Buridan accorde donc pleinement à Nicole Oresme qu’aucune raison tirée des observations astronomiques ne saurait conclure ni pour ni contre le mouvement de la terre.

Il poursuit en ces termes :

« En outre, ceux qui, peut-être pour le plaisir de la discussion (gratia disputationis), veulent soutenir cette opinion, exposent en sa faveur, remarquons-le, quelques persuasions.

» Voici la première : Le Ciel n’a nul besoin de la terre ni des choses d’ici-bas en vue d’acquérir quelque bien ; c’est la terre, au contraire, qui éprouve le besoin d’acquérir les influences émanées du Ciel. Or, que ce qui est dans le besoin se meuve pour acquérir ce qui lui manque, c’est chose plus raisonnable que de supposer le mouvement de ce qui n’a aucun besoin.

» La seconde persuasion est la suivante : Aristote dit : Ce qui est dans un état parfait n’a pas besoin d’agir et ce qui se trouve dans un état presque parfait n’a besoin d’agir que très peu.
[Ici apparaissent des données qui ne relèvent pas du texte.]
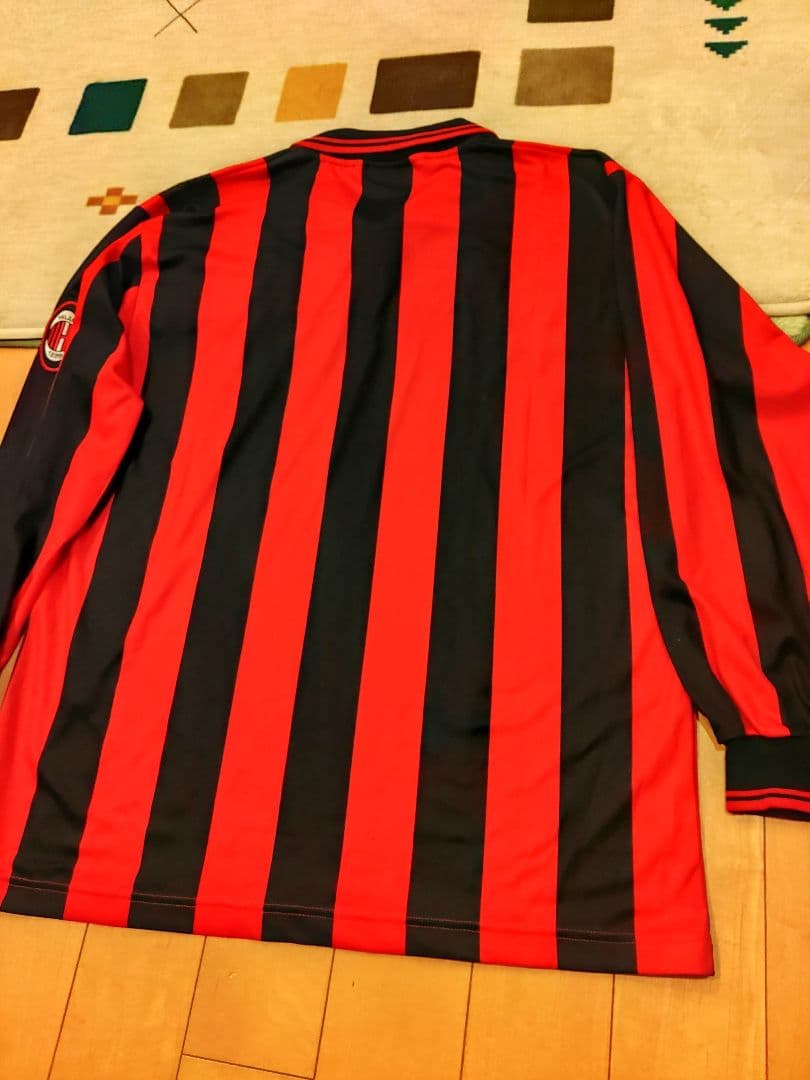 ヴィンテージユニフォームミラン長袖選手用バッジョサイン入り新品タグ付き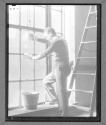 [Man Washes Windows]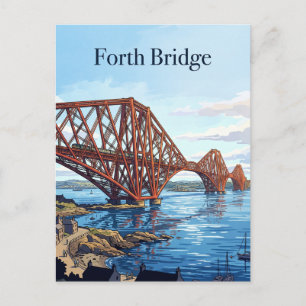 Carte Postale Pont de Forth Royaume-Uni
Or les corps célestes sont beaucoup plus nobles que la terre, ils sont en bien meilleur état ; et, parmi les corps célestes, la sphère suprême se trouve en un état parfait ; il semble donc que la sphère suprême n’ait aucun besoin de se mouvoir, qu’un faible mouvement suffise à la sphère de Saturne et ainsi de suite, jusqu’à la Lune qui requiert un mouvement considérable, jusqu’à la terre qui demande le plus rapide de tous.

» Troisième persuasion : Au corps céleste et, surtout, à la sphère suprême, on doit attribuer de plus nobles conditions [qu’aux choses d’ici-bas] ; or le repos est condition plus noble que le mouvement ; la sphère suprême doit donc demeurer en repos. De la mineure, voici la preuve : Si un grave tombe, ce n’est pas à seule fin de se mouvoir ; c’est pour parvenir à son lieu naturel ; lorsqu’il s’y trouve, il y demeure ; le repos est donc la fin du mouvement, et la fin est plus noble [que ce qui y conduit]. Ce raisonnement est encore confirmé par cette remarque : Dans le repos naturel qu’un grave garde lorsqu’il est au bas de sa course, rien n’est contre nature, comme le dit le Commentateur au quatrième livre des Physiques ; mais dans la chute de ce même grave, il y a toujours quelque chose qui n’est point naturel ; toujours, en effet, il demeure quelque chose du lieu haut placé, et c’est pour rejeter ce quelque chose que le grave se meut ; aussi peut-on dire purement et simplement qu’il y a, pour le grave, plus de perfection à demeurer en repos au bas de sa course qu’il n’y en a à tomber.